Work request >> With pictures left out, extract every line between the start of the records below and the line holding "Volvo XC60 D4 1st 2013 — фото 13", inclusive.

** Data excerpts follows **

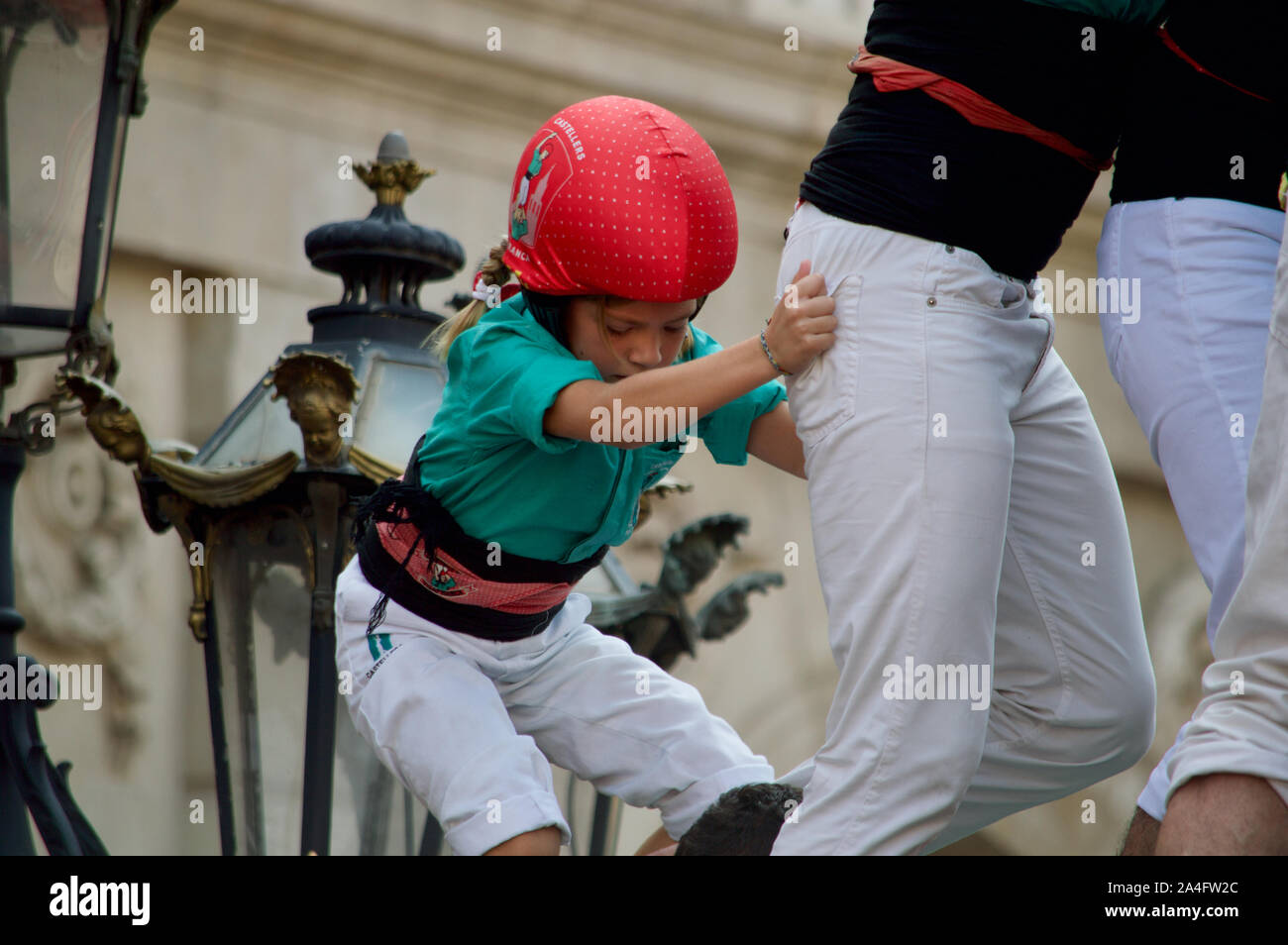 Castellers edificio castells/torri umane al 2019 La Merce Festival presso Plaça de Sant Jaume a Barcellona, Spagna Foto Stock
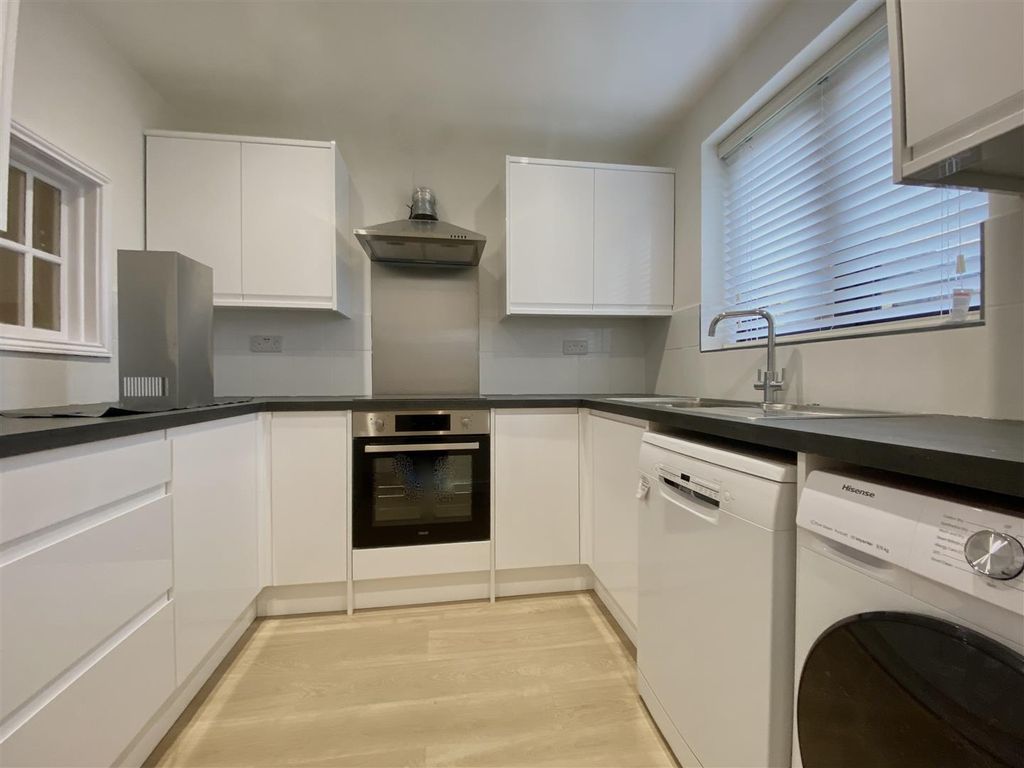 Property photo 3 of 12 Img_3282.Jpg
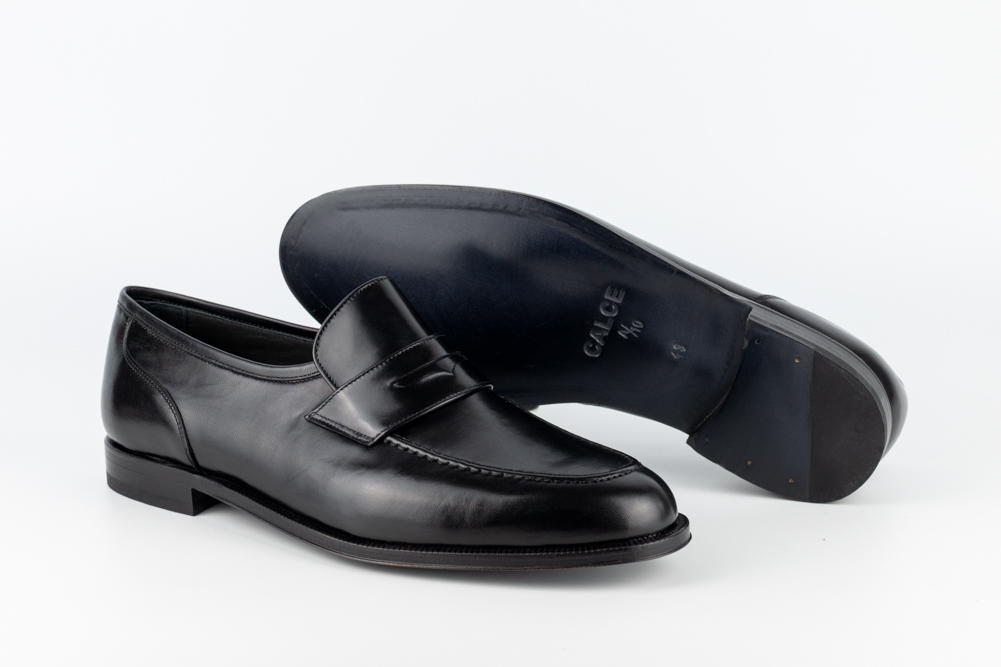 Velazquez New-3 Velázquez Black Men's Loafers, Extra-Wide Size 11, Three-Quarter View
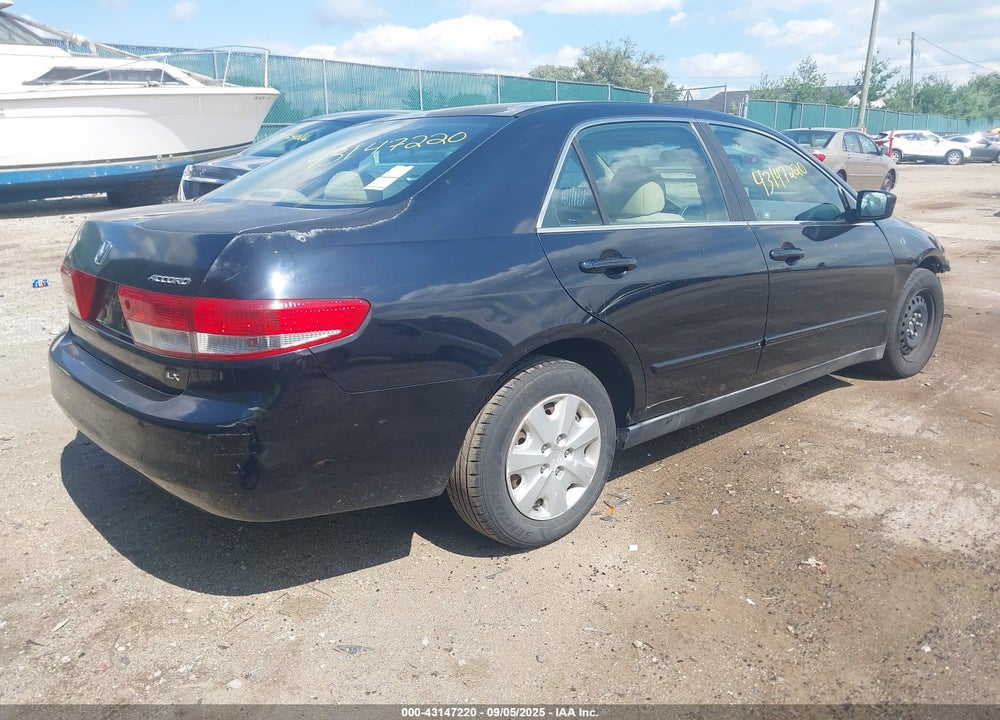 2004 HONDA ACCORD 2.4 LX VIN: 1HGCM56304A177052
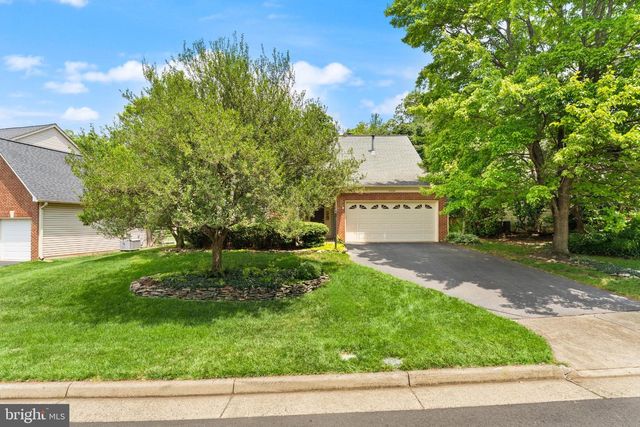 21004 FOWLERS MILL CIR, Ashburn, VA 20147
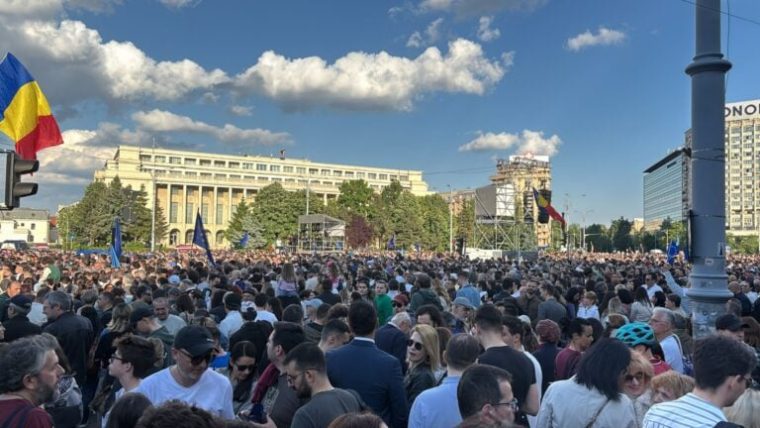 Mitingul de duminică seară organizat în București pentru vizionarea publică a exit-pollurilor a fost anulat
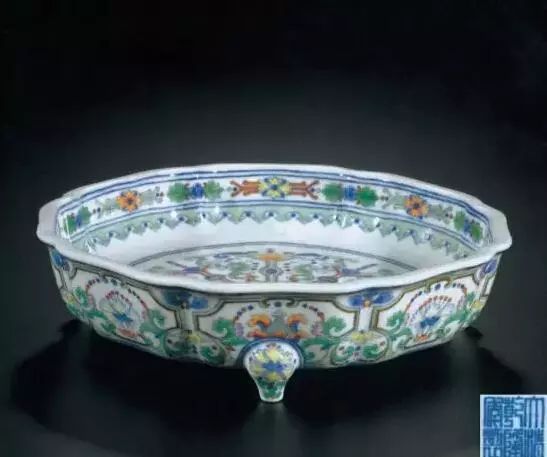 斗彩图案,斗彩姹紫瓷器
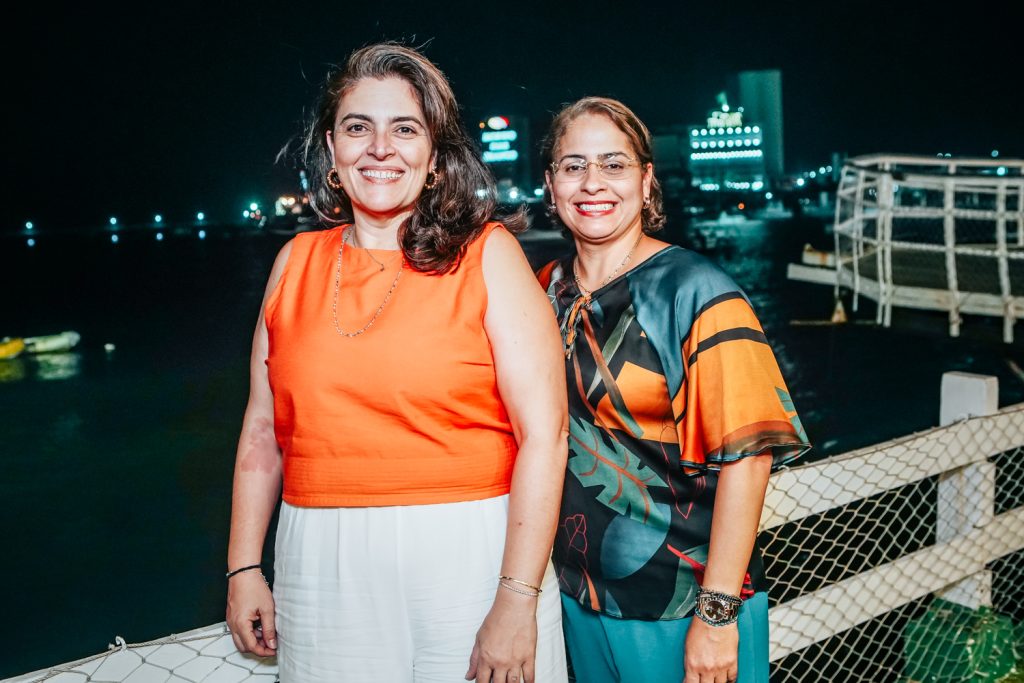 Manoela Esteves E Carol Magalhaes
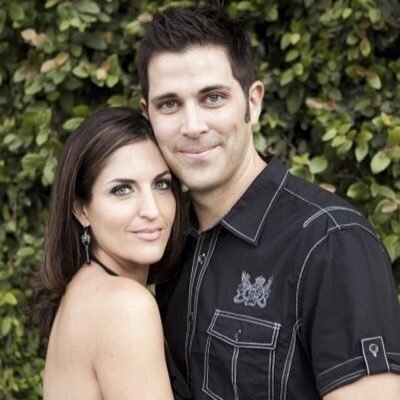 Internal Medicine physician at Sharp Rees-Stealy, Girl Dad, husband, UCLA alumni, music, health and sports enthusiast, Lifelong San Diegan, LFGSD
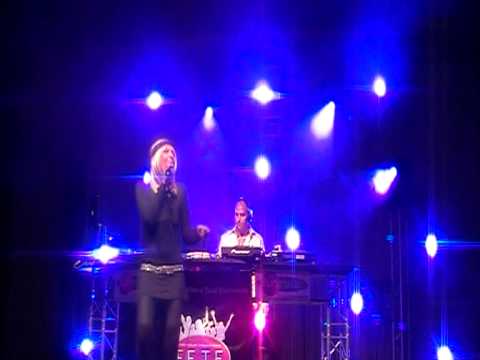 DJ AMVOX LIVE VOCAL SHOW WARM UP OF DAVID VENDETTA & MICAH 28/05/10  "LOOKING FOR LOVE"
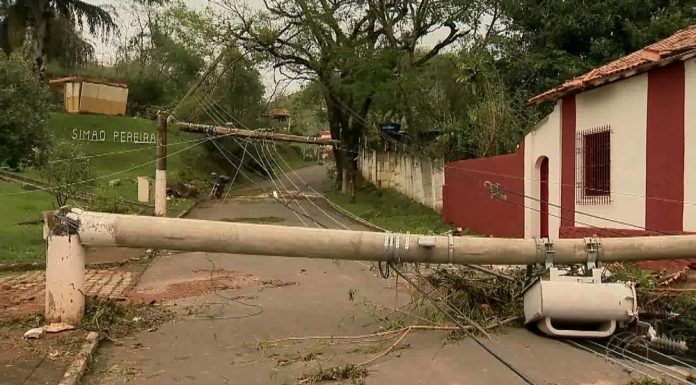 Prefeito decreta estado de calamidade pública após tromba d’água em Simão Pereira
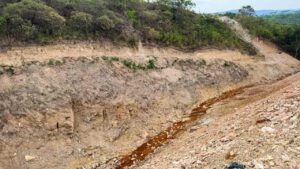 Após deslizamento em lixão, Córrego Santa Bárbara mostra sinais de recuperação, mas segue contaminado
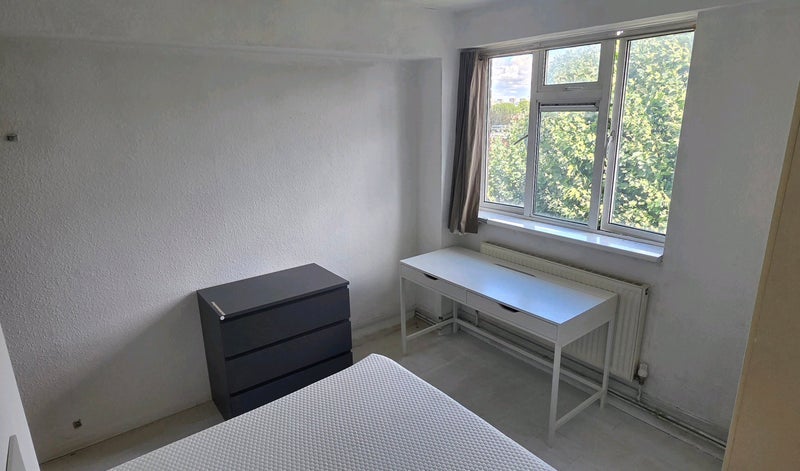 Room Lindley Street in Greater London
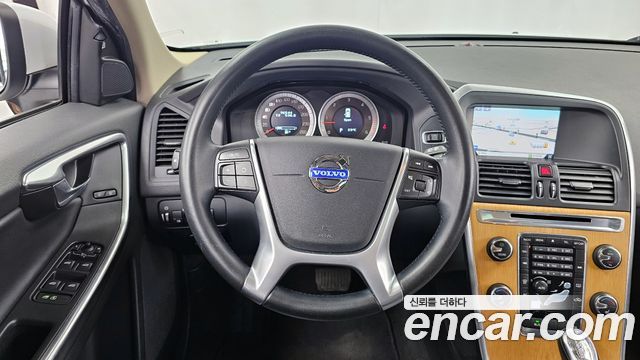 Volvo XC60 D4 1st 2013 — фото 13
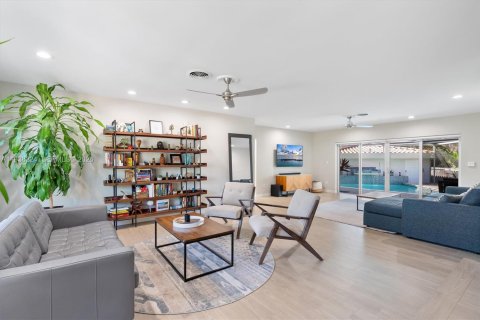 Купить виллу или дом в Майами-Шорс, Флорида 3 спальни, 203.73м2, № 1995834 - фото 12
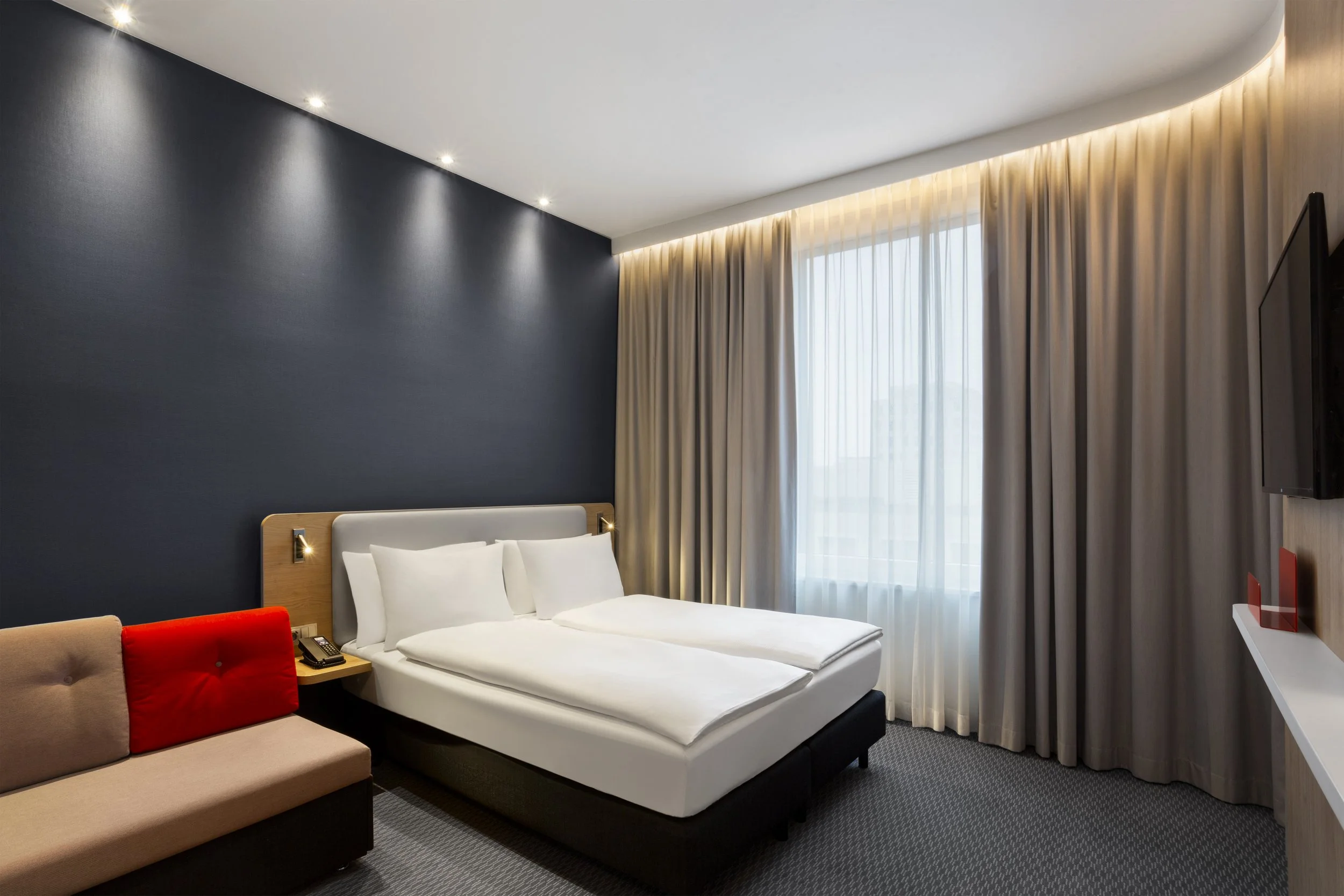 Guest twin bedroom – Holiday Inn Express Munich – Hotel Photography by Sequoia Studios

** End of Data excerpts **

Answer to this exercise >>
 Castellers edificio castells/torri umane al 2019 La Merce Festival presso Plaça de Sant Jaume a Barcellona, Spagna Foto Stock
 Property photo 3 of 12 Img_3282.Jpg
 Velazquez New-3 Velázquez Black Men's Loafers, Extra-Wide Size 11, Three-Quarter View
 2004 HONDA ACCORD 2.4 LX VIN: 1HGCM56304A177052
 21004 FOWLERS MILL CIR, Ashburn, VA 20147
 Mitingul de duminică seară organizat în București pentru vizionarea publică a exit-pollurilor a fost anulat
 斗彩图案,斗彩姹紫瓷器
 Manoela Esteves E Carol Magalhaes
 Internal Medicine physician at Sharp Rees-Stealy, Girl Dad, husband, UCLA alumni, music, health and sports enthusiast, Lifelong San Diegan, LFGSD
 DJ AMVOX LIVE VOCAL SHOW WARM UP OF DAVID VENDETTA & MICAH 28/05/10  "LOOKING FOR LOVE"
 Prefeito decreta estado de calamidade pública após tromba d’água em Simão Pereira
 Após deslizamento em lixão, Córrego Santa Bárbara mostra sinais de recuperação, mas segue contaminado
 Room Lindley Street in Greater London
 Volvo XC60 D4 1st 2013 — фото 13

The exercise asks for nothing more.